From the line containing "mute icon inside" down to the final line of the entries below, quote every line verbatim. Exclude pictures.

■ Given information ■
=======

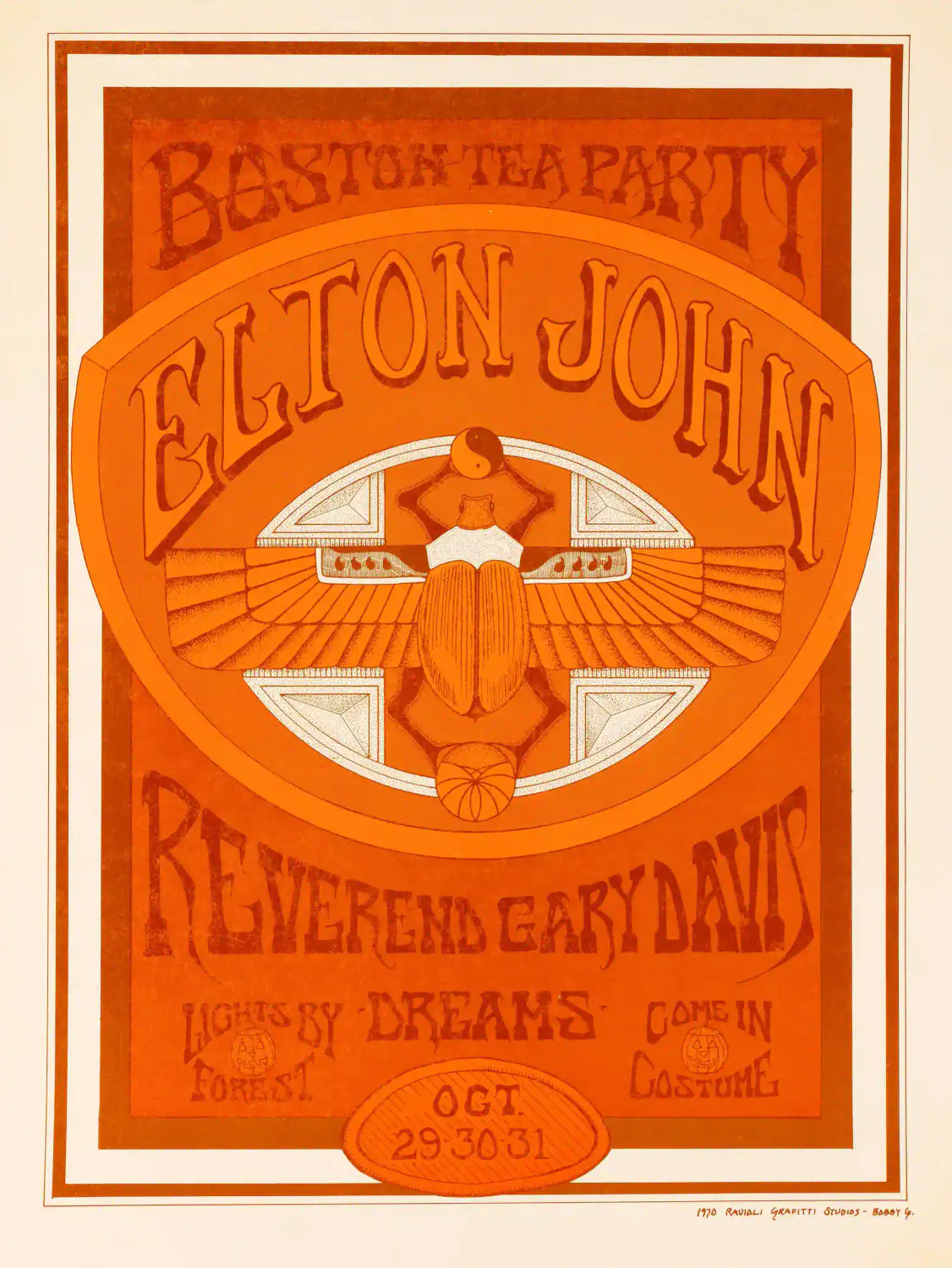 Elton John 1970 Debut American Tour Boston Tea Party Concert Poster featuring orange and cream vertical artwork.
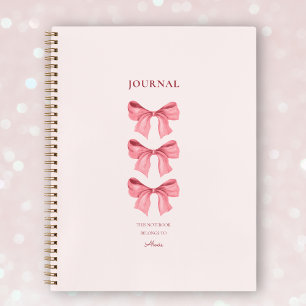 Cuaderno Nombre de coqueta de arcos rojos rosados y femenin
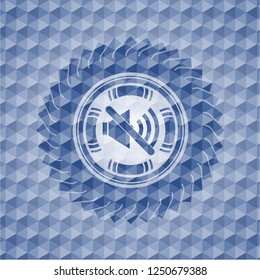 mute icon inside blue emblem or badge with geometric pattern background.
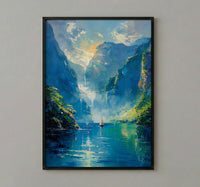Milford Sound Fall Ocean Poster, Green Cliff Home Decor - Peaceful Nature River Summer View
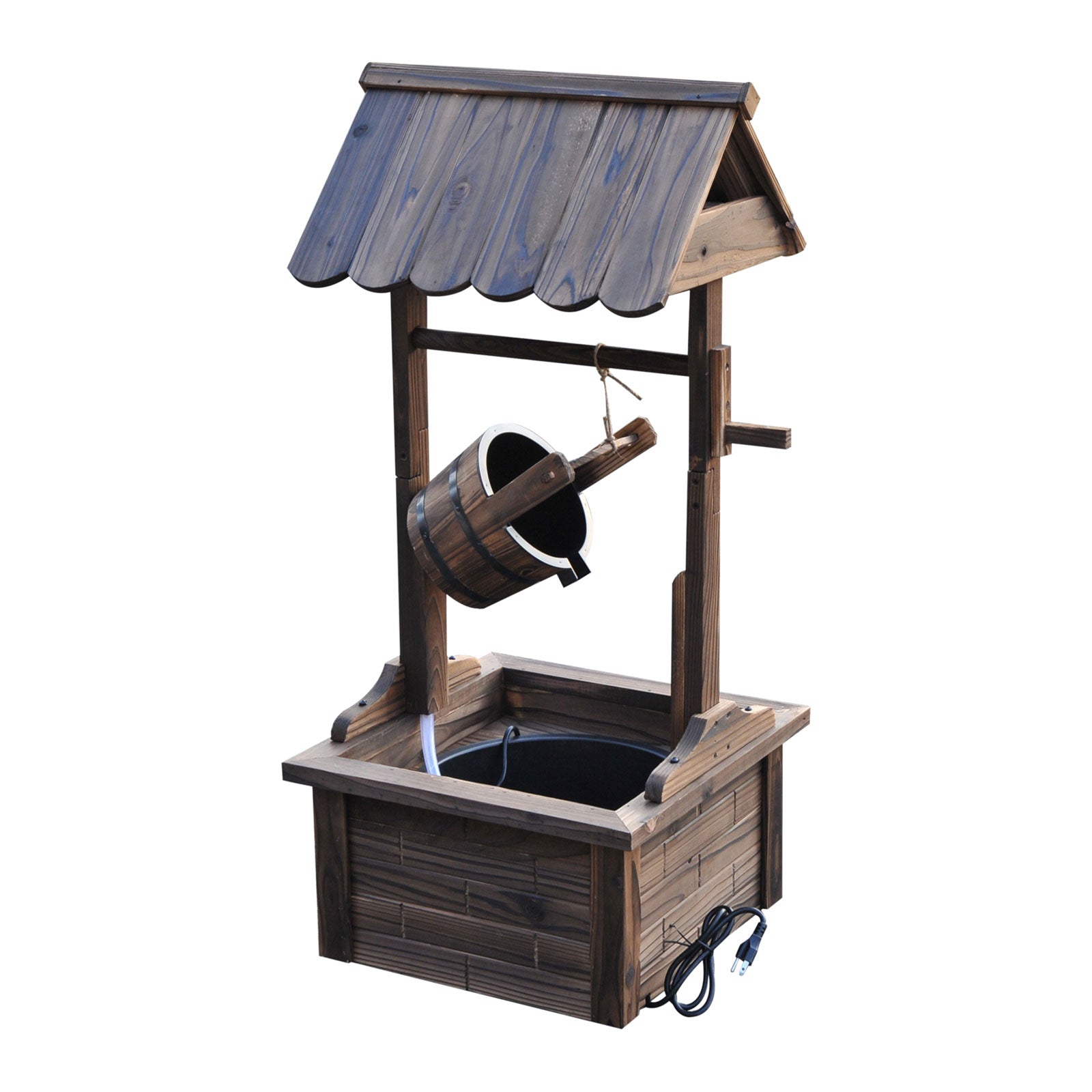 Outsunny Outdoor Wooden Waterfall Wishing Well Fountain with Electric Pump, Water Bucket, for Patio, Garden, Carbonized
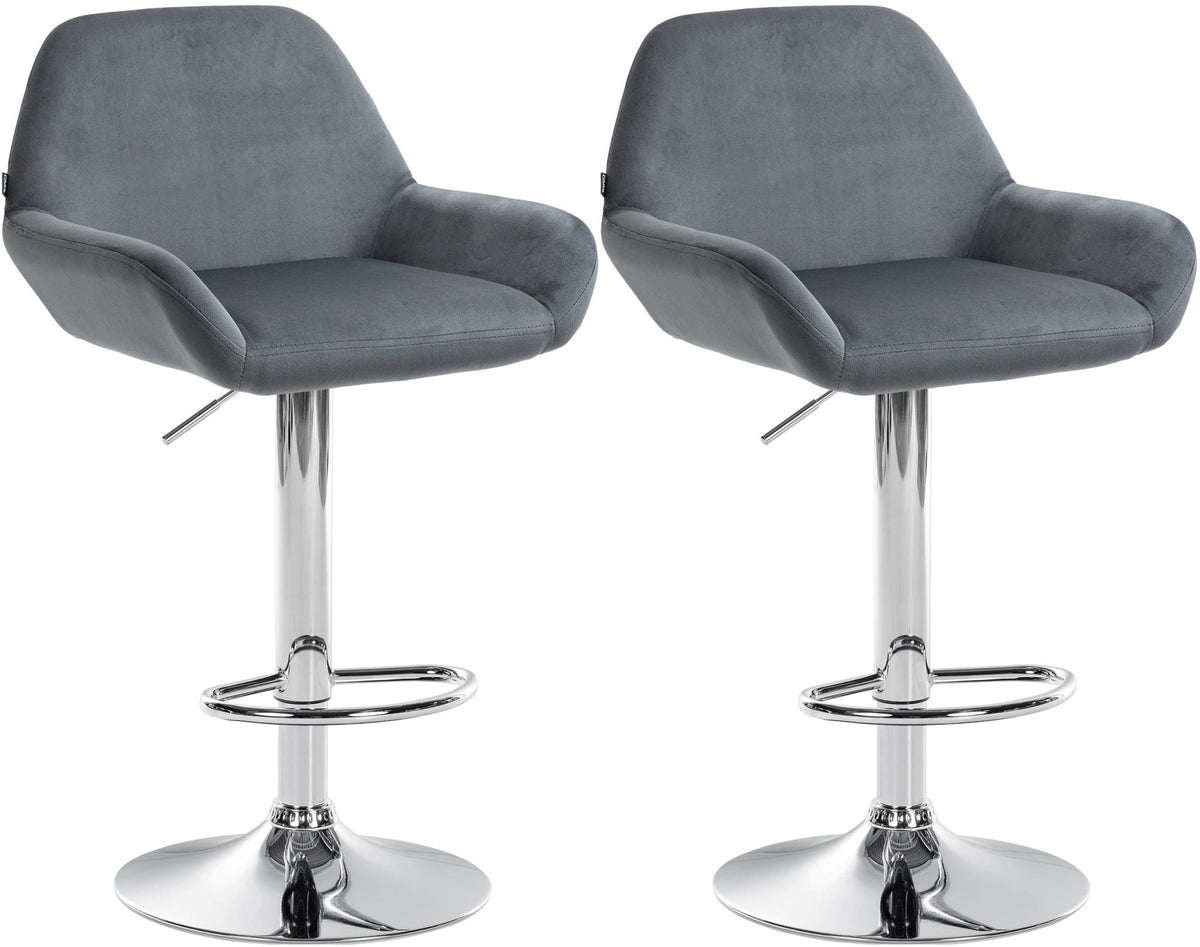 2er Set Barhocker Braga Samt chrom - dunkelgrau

=======

■ Exercise answer ■
 mute icon inside blue emblem or badge with geometric pattern background.
Milford Sound Fall Ocean Poster, Green Cliff Home Decor - Peaceful Nature River Summer View
 Outsunny Outdoor Wooden Waterfall Wishing Well Fountain with Electric Pump, Water Bucket, for Patio, Garden, Carbonized
 2er Set Barhocker Braga Samt chrom - dunkelgrau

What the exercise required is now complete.